First we could use a t-test to check whether \( \beta_1 = 0 \) or not. From the summary of the linear model, we see that the test statistic is -2.755 (on 8 degrees of freedom), giving a p-value of 0.02487. So we'd reject the null hypotheis (\( \beta_1=0 \)) at any level of significance > 0.02487. At these levels, we'd conclude that the data supports the conclusion of a linear relationship between Fall and Spring enrollments.

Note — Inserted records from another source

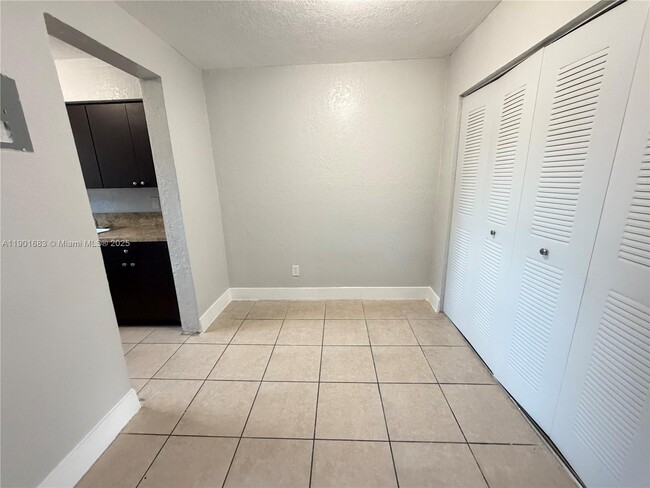 Building Photo - 2129 Davie Blvd
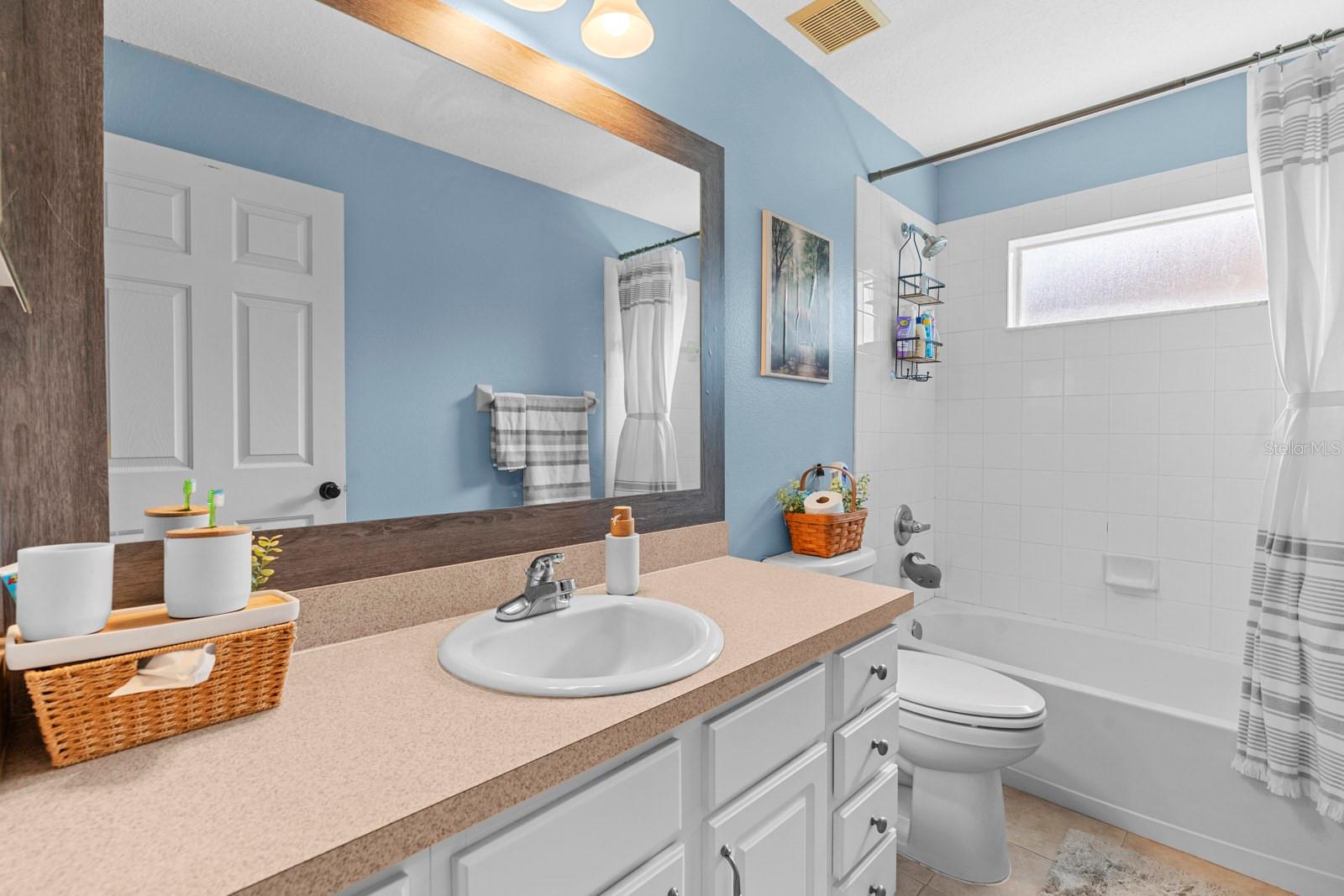 Image 39 of 58 For 12251 Creek Edge Drive
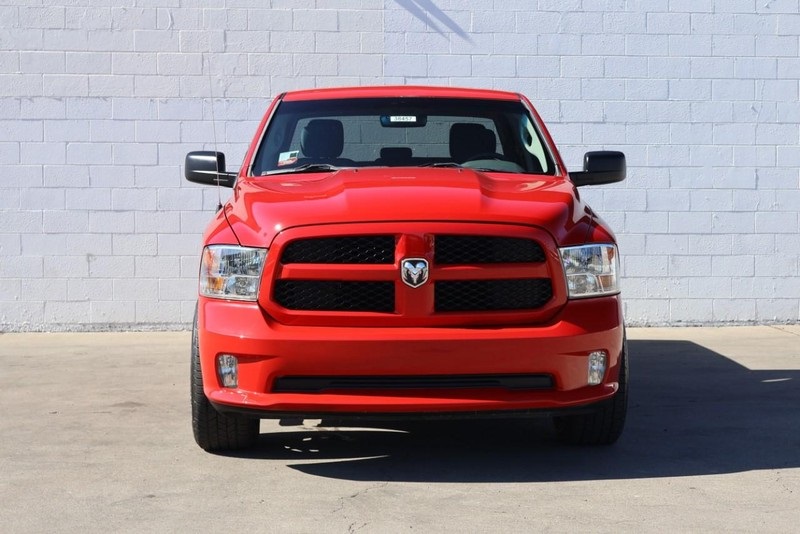 2018 Ram 1500 Express photo 2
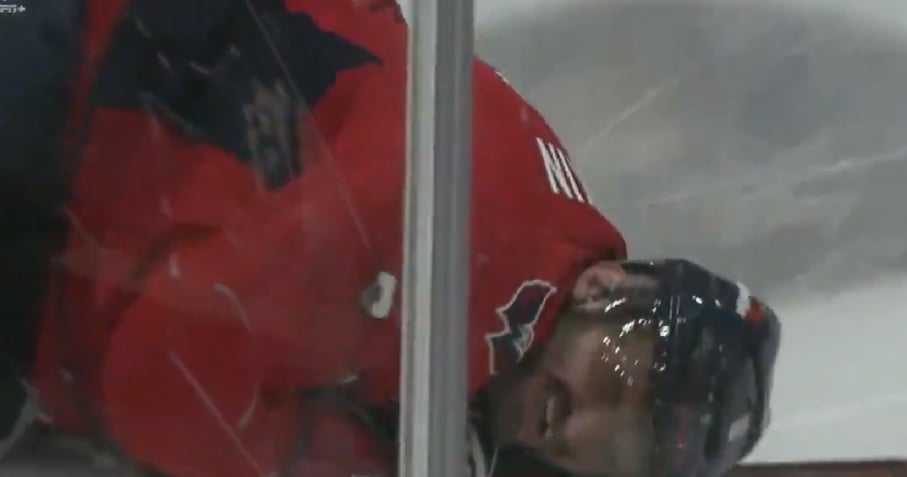 VIDEO | Alex Ovechkin blessé sérieusement dans le match de ce soir contre Toronto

Instead we could have used the F-test on variance. Here the test statistic is F = 7.5895 (distributed with 1 and 8 degrees of freedom) and the p-value is again 0.02487. Finally, we could use the hypothesis test based on the correlation coefficient:
r = -sqrt(r2)
n = length(MER$Fall)
t = r * sqrt(n - 2)/sqrt(1 - r^2) # = -2.75
p = 2 * pt(t, df = n - 2)
p
## [1] 0.02487
Again the p-value is 0.02487.
(e) Find a 95% CI for the slope of the model:
summary(e.fit)
##
## Call:
## lm(formula = Spring ~ Fall, data = MER)
##
## Residuals:
## Min 1Q Median 3Q Max
## -30.50 -17.35 -6.06 22.71 29.42
##
## Coefficients:
## Estimate Std. Error t value Pr(>|t|)
## (Intercept) 548.009 106.724 5.13 0.00089 ***
## Fall -1.048 0.381 -2.75 0.02487 *
## ---
## Signif. codes: 0 '***' 0.001 '**' 0.01 '*' 0.05 '.' 0.1 ' ' 1
##
## Residual standard error: 24.9 on 8 degrees of freedom
## Multiple R-squared: 0.487, Adjusted R-squared: 0.423
## F-statistic: 7.59 on 1 and 8 DF, p-value: 0.0249
beta1hat = -1.0483
SE = 0.3805
tstar = qt(0.975, df = n - 2)
low = beta1hat - tstar * SE
high = beta1hat + tstar * SE
print(c(low, high))
## [1] -1.9257 -0.1709
The 95% CI for the slope is (-1.93,-0.17). That is, we are 95% confident that for every extra student in the Fall, there will be between 0.17 and 1.93 fewer students in the Spring (an odd conclusion).
2.24 (a) Predict Spring enrollment when Fall enrollment is 290:
new = data.frame(Fall = 290)
predict(e.fit, newdata = new)
## 1
## 244
Using the model, we predict Spring enrollment of 244.
(b) 95% CI for mean Spring enrollment when Fall enrollment is 290:
predict(e.fit, newdata = new, interval = "confidence", level = 0.95)
## fit lwr upr
## 1 244 223.7 264.3
The 95% for mean Spring enrollment is (224,264) when Fall enrollment is 290.
(c) 95% CI for Spring enrollment when Fall enrollment is 290 (a prediction interval):
predict(e.fit, newdata = new, interval = "predict", level = 0.95)
## fit lwr upr
## 1 244 183 305
The 95% for Spring enrollment is (183,305) when Fall enrollment is 290.
(d) Use the interval from part © – we are predicting a new value for a particular Spring enrollment, not the average of Spring enrollments.